The National Parents Organization ranked states in how their family laws help facilitate shared parenting, and North Carolina appears to be one of the worst. When involved in or considering a divorce, you may wish to learn more about requesting shared custody of your children. Without incorporating your parenting hopes into your divorce plans, the court may not award you equal rights in raising your children and participating in their lives in the manner you would prefer.

As noted by Parents magazine and according to the ranking report, North Carolina received a grade of D- by the National Parents Organization. Approximately 17 states ranked nearly on the same level as the Tar Heel State. This group of states reportedly does not have statutes promoting shared parenting responsibilities between divorced parents. The low-ranking states also lack an official policy that promotes children spending at least one-third of their time with each one of their parents separately.

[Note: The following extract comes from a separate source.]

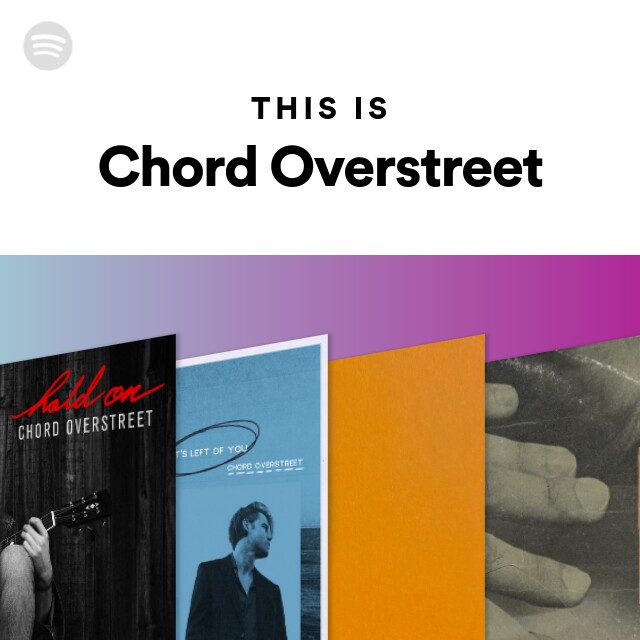 Chord Overstreet: albums, songs, playlists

To maintain and strengthen bonds with your children, you may need to request joint custody of your kids during the divorce procedure. Family court judges will consider a joint custody order if one parent requests it. There is, however, no requirement for the court to award shared custody; you must provide facts and reasons for why you prefer a joint custody arrangement.

The study conducted by the National Parents Organization revealed that a child’s well-being is more assured when he or she spends time with both of their parents. If you need to request joint custody, working out a plan with your soon-to-be ex-spouse before finalizing a divorce may help.

The information provided is for educational purposes only and not intended as legal advice.